Mencermati, melakoni, bahkan turut berpartisipasi atau terjun langsung ke gelanggang politik nasional hari ini membutuhkan tenaga yang super ekstra. Apakah tenaga ini diartikan dalam bentuk pikiran, finansial, jaringan, keturunan, kekayaan, kecerdasan, kenderaan, usia, fisik, pengikut/loyalis, hingga kiblat politik dunia mengikuti perkembangan politik kawasan dunia. Demikian halnya penentuan cawapres. Pilpres periode lalu dapat menjadi titik balik penalaran bagi publik bahkan elite partai politik, dimana dalam hitungan detik ada jenaka poltik yang sejumlah nama cawapres gagal dijadikan sebagai cawapres. Kemudian, pada saat telah-sedang-setelah menjadi cawapres-wapres, justru secara politik kekuasaan menjadikan cawapres bagaikan ban serap. Sehingga peran cawapres bayangan pun semakin terlihat dalam membantu kinerja presiden terpilih.
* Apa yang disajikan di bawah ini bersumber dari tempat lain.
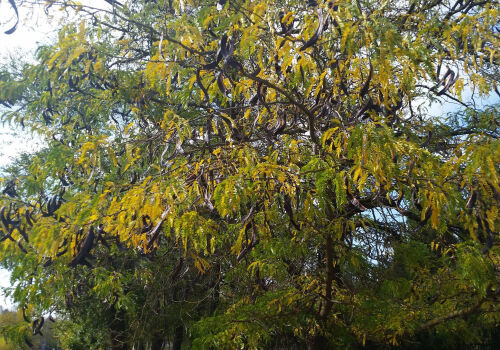 Activiști ecologiști împotriva extinderii plantațiilor de acacia Activiști ecologiști împotriva extinderii plantațiilor de acacia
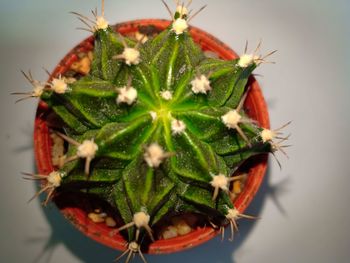 Close-up of succulent plant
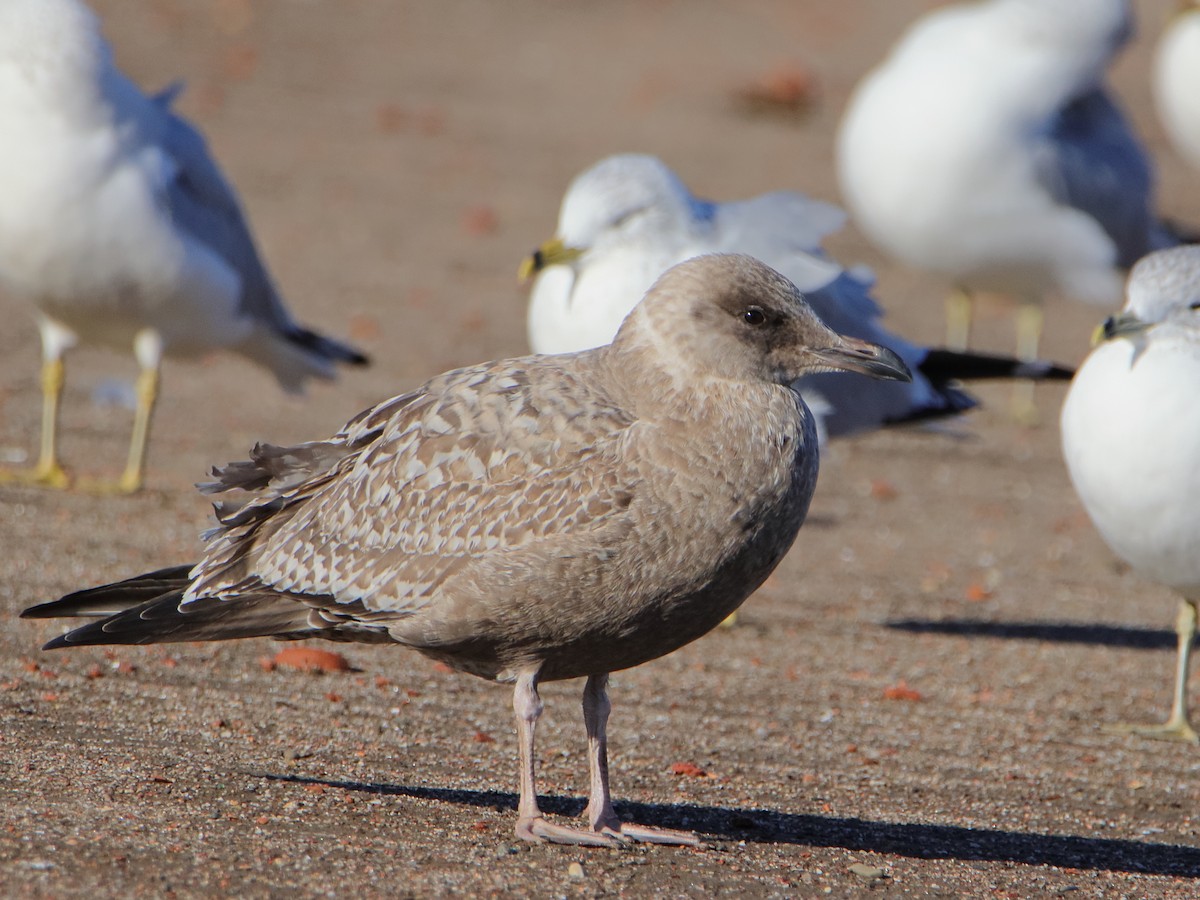 American Herring Gull - ML645528876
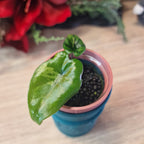 Alocasia Corazon aurea baby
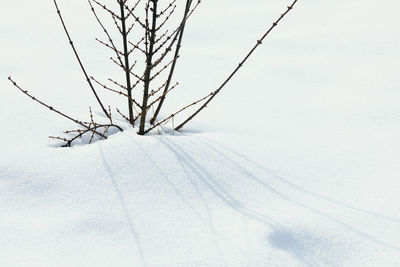 Bare tree on snow covered field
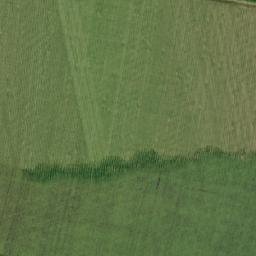 Znamenskiy Rayon map(satellite map)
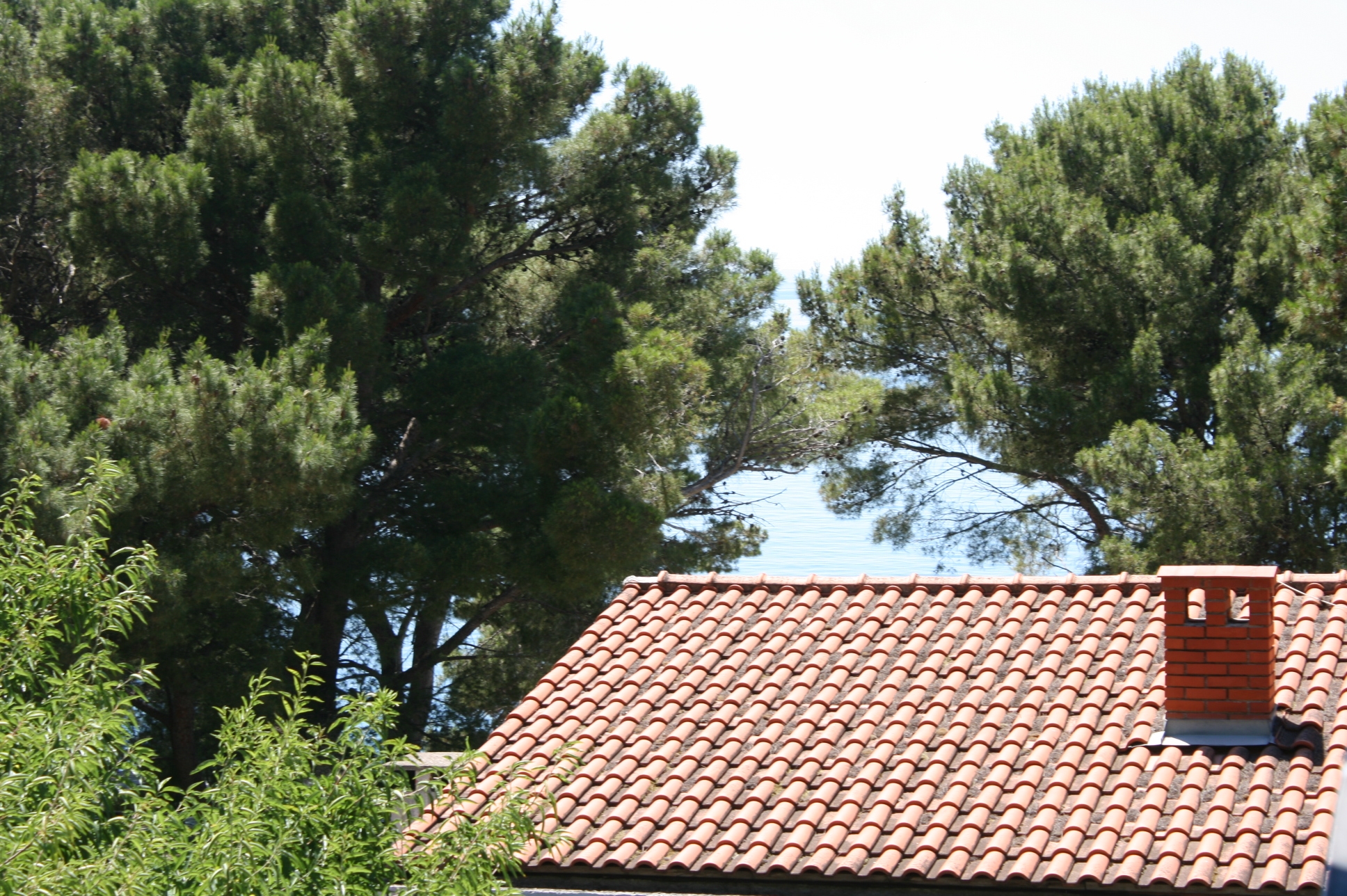Three bedroom apartment with terrace and sea view Zaostrog, Makarska  A-a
Intinya, sosok seorang yang bisa dijadikan “boneka” bagi koalisi politik tertentu juga turut memberi andil bagi seseorang yang bersedia menjadi cawapres 2024. Selain cawapres juga harus menjadi magnet pemilih (rakyat), juga harus memiliki posisi tawar jalan tengah yang kemudian tidak terus memicu keretakan bagi kalangan politik penyokong setelah kemengan. Meskipun dalam penerapan politik yang diinginkan dalam iklim politik Indonesia saat ini tidak menutup pada ruang terpilihnya cawapres yang bersedia menjadi ban serap, upaya menuju ke arah yang dimaksud masih tampak menguat. Lihat saja misalnya, nama-nama cawapres yang berkembang di permukaan cenderung bertipe “tunduk dan patuh serta Sengkuni” atas kompromi politik. Nilai ketergantungan akutnya lebih tinggi dari pasa nilai ketergantungan seorang capres.
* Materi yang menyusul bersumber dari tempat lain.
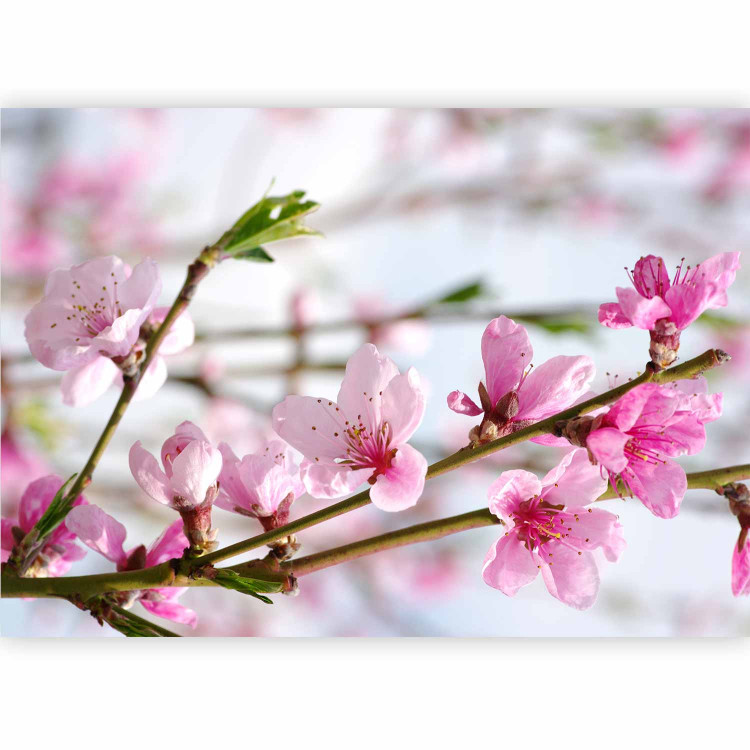 Photo Wallpaper Cherry Blossom - Japanese Motif with Cherry Blossom Flowers in the Center 60719 additionalImage 5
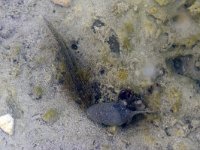 maudoc.com • Alpine Newt - Tritone alpestre - Ichthyosaura alpestris •  IMG_7755.jpg   Monte Verena, Italy : Tritone alpestre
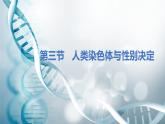 第三节 人类染色体与性别决定  课件教案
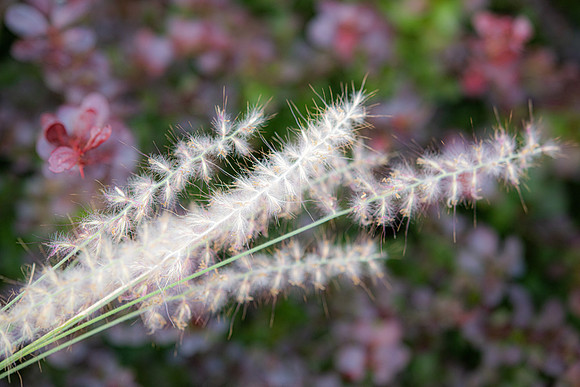 DETAILS_66_SM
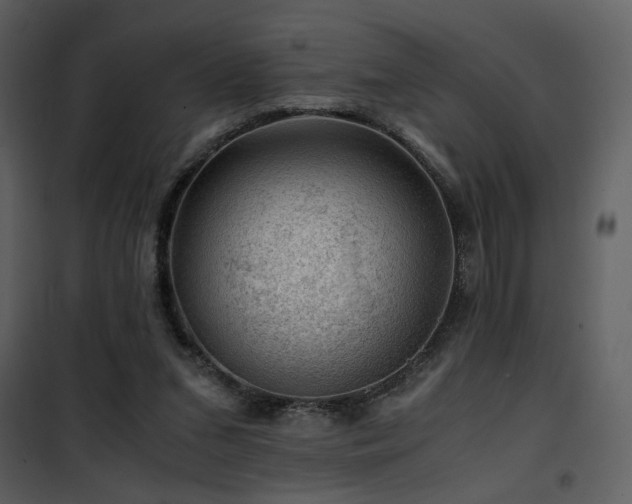 X0000101960207200807181048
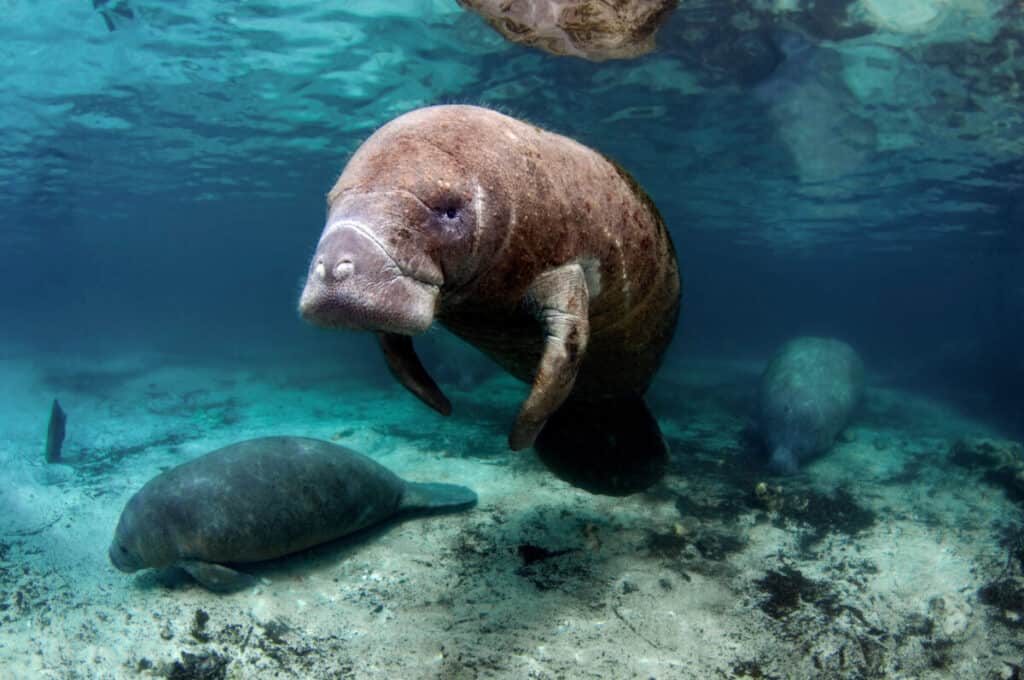 West India Manatees of the Crystal River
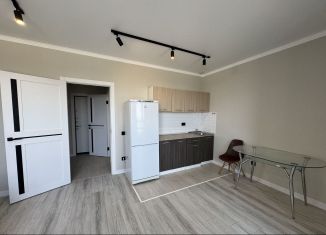 Сдается в аренду квартира студия, 30 м2, Ростов-на-Дону, переулок Чаленко, 11, ЖК Западная Резиденция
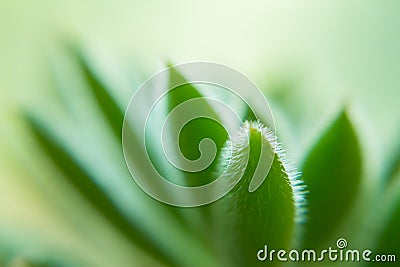 Macro of a Succulent plant Stock Photo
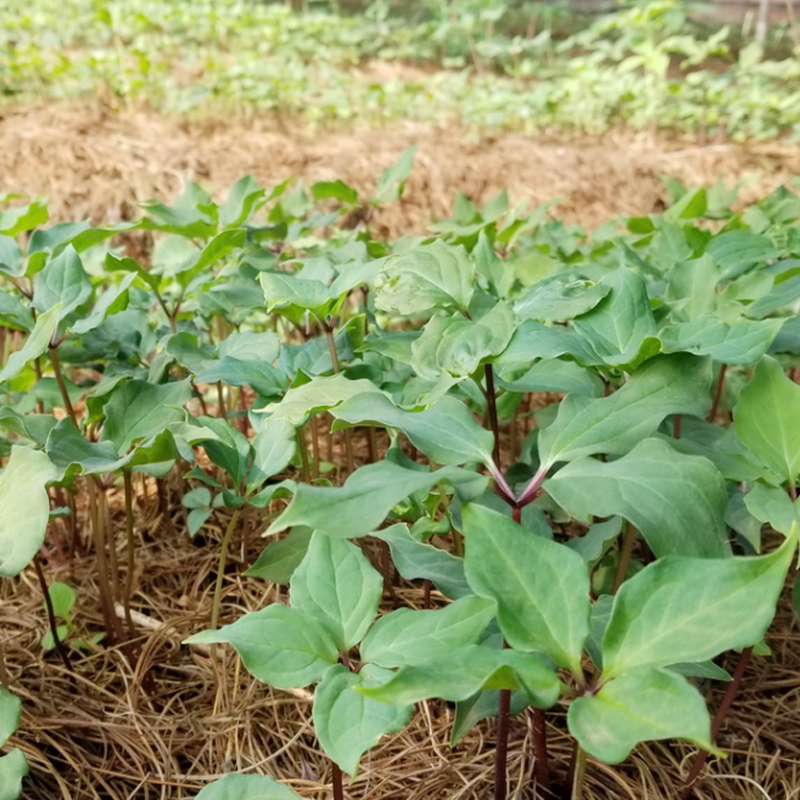 雲南狗万農業3年滇重樓種苗育苗基地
Sebagai pendulang kekuatan, bahkan kinerja bagi seorang cawapres hingga diproyeksikan nantinya setelah menjadi wapres. Seorang cawapres harus benar-benar dihitung dan ditentukan oleh koalisi agar tidak ditinggal di tengah jalan, atau membawa kabur tumpukan kemenangan yang awalnya telah dijanjikan akan mendapat bagian kekuasaan. Sebab perpolitikan di Indoesia saat ini masih tergolong labil dan sulit dijamin kepastian komitmennya. Melalui tulisan ini pula, tanpa disadari bahwa proses perburuan cawpres tak bisa serampangan. Jika hal ini tidak diperhatikan, maka capres yang dianggap potensial pun bisa roboh-rata dengan tanah, mengepul debu ke atas, merusak pandangan publik. Bahkan bisa lebih kejam dari itu, masuk ke dalam tanah tanpa bisa hidup kembali.